Austrian engineer and car designer (born 1950)

Gustav Brunner (born 12 September 1950) is an Austrian Formula One designer and engineer.

== Career ==
Born in Graz, he started his career in racing car design at the German-based constructor McNamara. He first entered F1 in a brief spell working for the ATS team in 1978, before designing cars for Formula Two and sportscar racing. He came to prominence in Formula One in 1983, by returning to ATS. He designed two chassis for the team, the 1983 D6 and the 1984 D7, before quitting after a number of arguments with team principal Günter Schmid. In 1985 he joined RAM Racing, designing the RAM 03 car. By this time he was gaining a reputation within the sport for designing good chassis on a limited budget, even if the teams he had worked for had a conspicuous lack of results.

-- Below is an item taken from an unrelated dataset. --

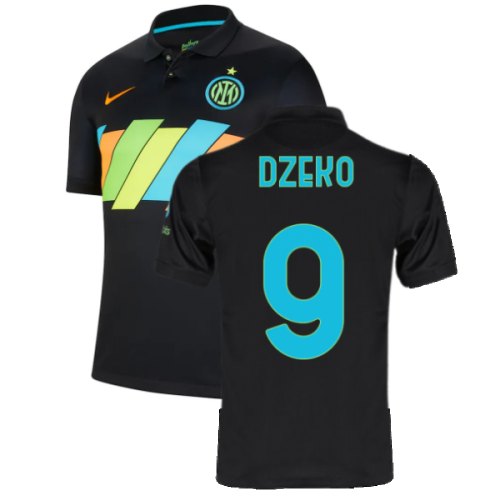 2021-2022 Inter Milan 3rd Shirt (DZEKO 9)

He then worked for Arrows and Ferrari, working for the latter on their F1/87 car, before reuniting with ATS boss Schmid as designer for his new Rial F1 outfit in 1988. He fell out with Schmid again and became Technical Director of the Zakspeed team. When the team folded at the end of the 1989 season, he moved on to Leyton House, where he worked on the March CG891 and stayed on as they reverted to March Engineering.

When March Engineering folded, he moved to Minardi for 1993, designing their successful M193 chassis, before another switch, to Ferrari's Research & Development department, eventually returning to Minardi as chief designer in 1997 to help new technical director, Gabriele Tredozi, and became the technical director in 1999.

Following three successive seasons where his Minardi designs had been praised for their innovative design considering such small resources, he was head-hunted by Toyota to become their Technical Director for their new Formula One team in 2001. He left Toyota at the end of 2005.